Yes, if the signal frequency is below half the sampling rate, aliasing makes filtering difficult, reducing SNR.

71. How does using LDOs instead of switching power supplies affect EMC performance?

EMC performance depends on the switching power supply’s design. Poorly handled switching power supplies can cause EMI issues.

72. For very low-frequency signals (less than 10 Hz), is differential measurement better than single-ended?

Single-ended measurement is sufficient for very low frequencies.

73. Is pulse mode ADC timing control complicated?

From the user perspective, it’s straightforward to control the ADC via the CPU.

74. How to minimize AC loop area to reduce noise?

During layout, try to make the return path of the signal as close as possible to minimize loop area.

75. Should a 16-bit ADC be used if the front-end signal noise is only 12 bits?

If the noise cannot be reduced, a 16-bit ADC is unnecessary.

76. How to connect multiple AVCC pins on ADC packages like the AD7656?

Use a power plane and distribute capacitors properly. Newer models like AD7656-1 require fewer capacitors.

77. Recommend high-precision op amps with low-temperature drift and rail-to-rail operation.

AD8628, AD8638.

78. How to power ADCs and DACs with a single switching power supply?

Use magnetic beads to isolate digital and analog power.
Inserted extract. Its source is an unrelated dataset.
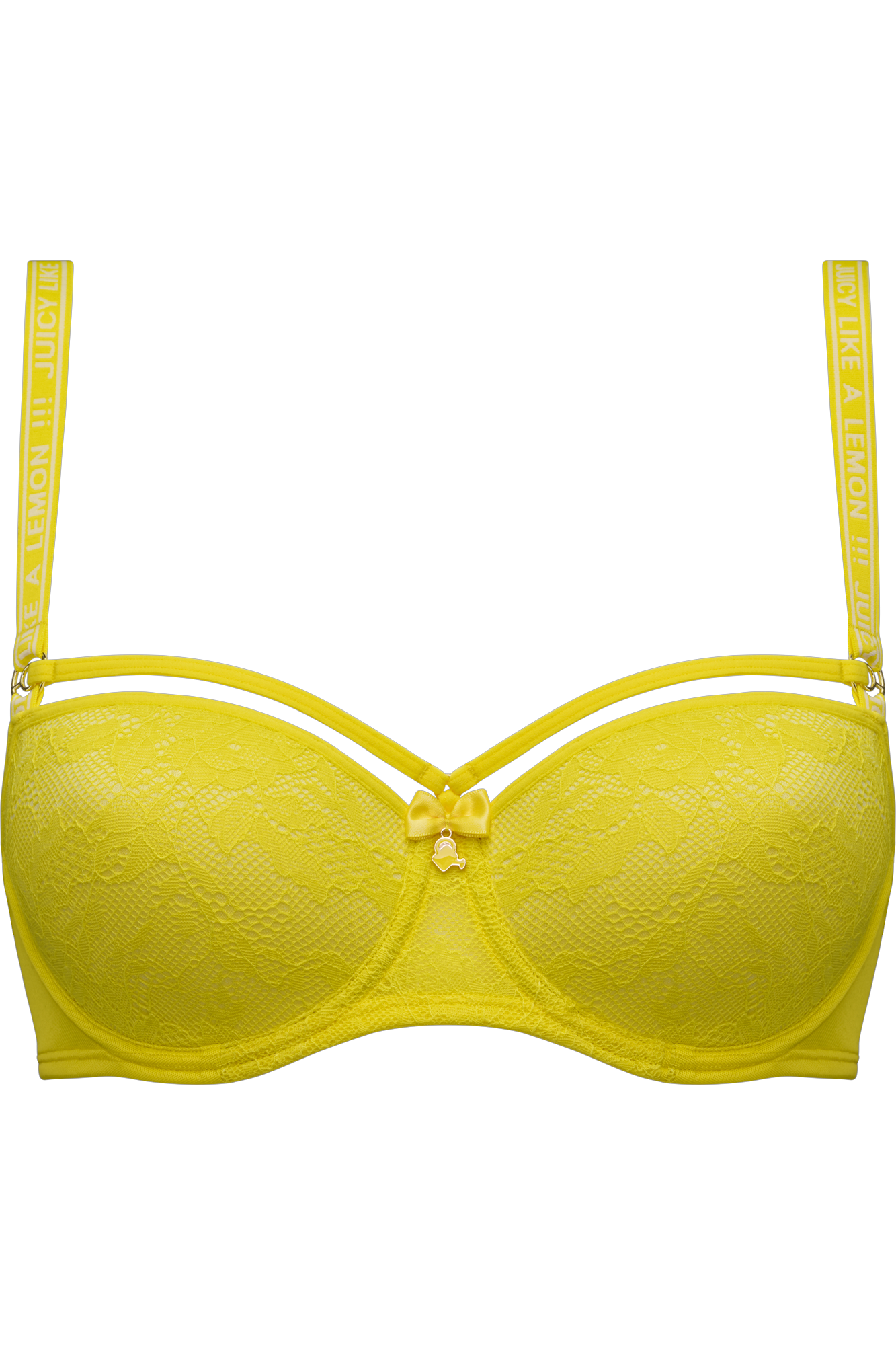 Marlies Dekkers space odyssey balconette bh wired padded citrus yellow lace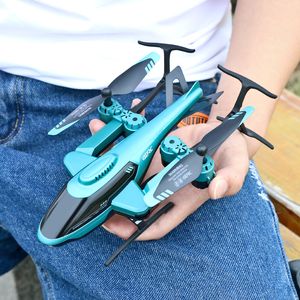 Electric RC Aircraft V10 RC Mini Drone 4K Professional HD Camera Drony FPV z HD Helicopters Quadcopter Toys 230224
Prefer separate power chips for analog and digital supplies if possible.

79. Can adding a high-frequency jitter source to the ADC clock increase the effective number of bits?

It can, but be cautious with reference connections.

80. How to avoid signal loss during sampling?

Increase the sampling rate or use filtering techniques.

81. How to determine if interference comes from the front end or the power supply?

Short the input and observe the output. If interference remains, it likely comes from the power supply or reference.

82. Is there a difference in interference handling between high-speed and low-speed ADCs?

Both require filtering, but high-speed ADCs often use ground planes, while low-speed ADCs may use separate grounds.